- This library provides the high-level functions needed to use the I2C serial interface supported by the hardware of several AVR processors. The library is functional but has not been exhaustively tested yet and is still expanding. Thanks to the standardization of the I2C protocol and register access, the send and receive commands are everything you need to talk to thousands of different I2C devices including: EEPROMS, Flash memory, MP3 players, A/D and D/A converters, electronic potentiometers, etc.
I2C uses only two wires (SDA and SCL) to communicate bidirectionally between devices. I2C is a multidrop network, meaning that you can have several devices on a single bus.

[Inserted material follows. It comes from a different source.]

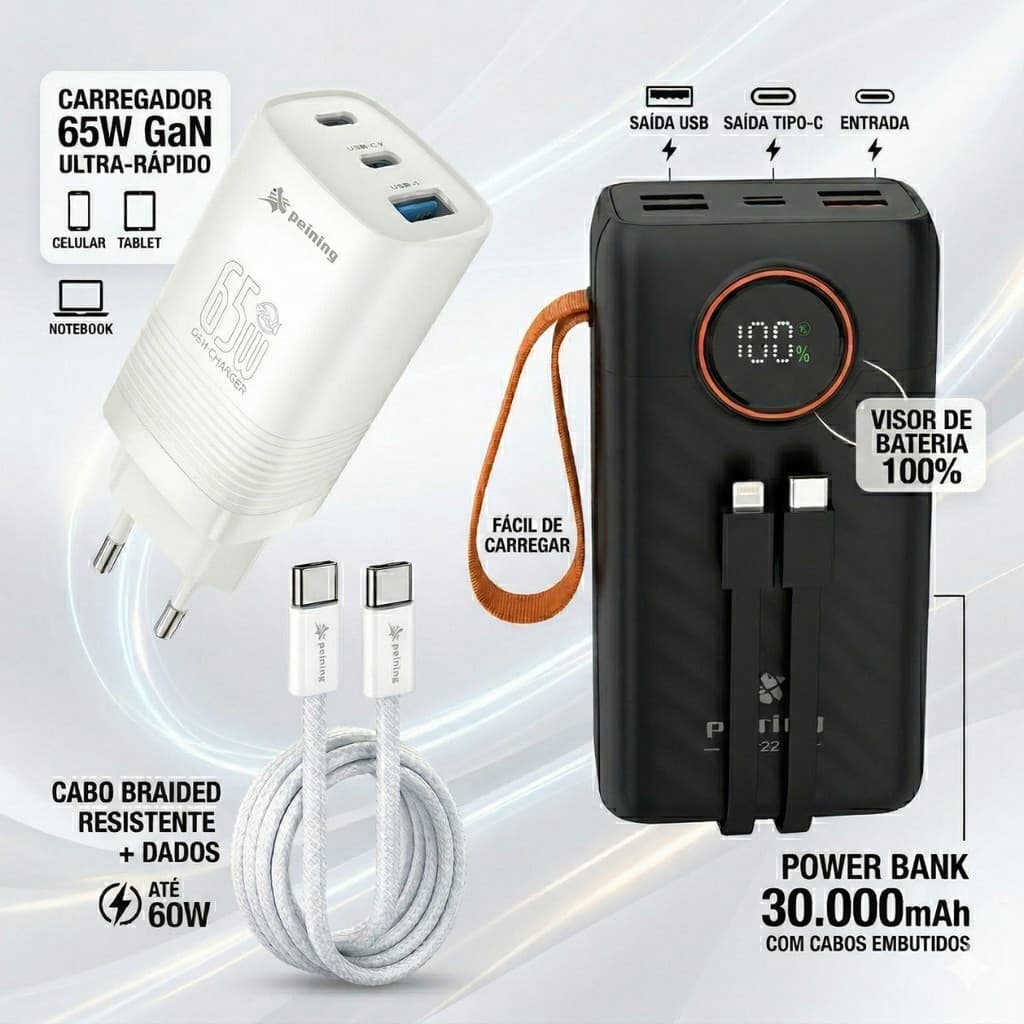 Kit Power Bank 30.000mAh + Carregador 65W + Cabo 60W Preto e Branco Original Peining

Because I2C uses a 7-bit number to identify which device it wants to talk to, you cannot have more than 127 devices on a single bus.
- About I2C
- I2C (pronounced "eye-squared-see") is a two-wire bidirectional network designed for easy transfer of information between a wide variety of intelligent devices. Many of the Atmel AVR series processors have hardware support for transmitting and receiving using an I2C-type bus. In addition to the AVRs, there are thousands of other parts made by manufacturers like Philips, Maxim, National, TI, etc that use I2C as their primary means of communication and control. Common device types are A/D & D/A converters, temp sensors, intelligent battery monitors, MP3 decoder chips, EEPROM chips, multiplexing switches, etc.
I2C ordinarily requires two 4.7K pull-up resistors to power (one each on SDA and SCL), but for small numbers of devices (maybe 1-4), it is enough to activate the internal pull-up resistors in the AVR processor. To do this, set the port pins, which correspond to the I2C pins SDA/SCL, high. For example, on the mega163, sbi(PORTC, 0); sbi(PORTC, 1);.

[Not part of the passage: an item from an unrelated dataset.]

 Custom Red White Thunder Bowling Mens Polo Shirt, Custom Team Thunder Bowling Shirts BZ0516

For complete information about I2C, see the Philips Semiconductor website. They created I2C and have the largest family of devices that work with I2C.
: Many manufacturers market I2C bus devices under a different or generic bus name like "Two-Wire Interface". This is because Philips still holds "I2C" as a trademark. For example, SMBus and SMBus devices are hardware compatible and closely related to I2C. They can be directly connected to an I2C bus along with other I2C devices are are generally accessed in the same way as I2C devices. SMBus is often found on modern motherboards for temp sensing and other low-level control tasks.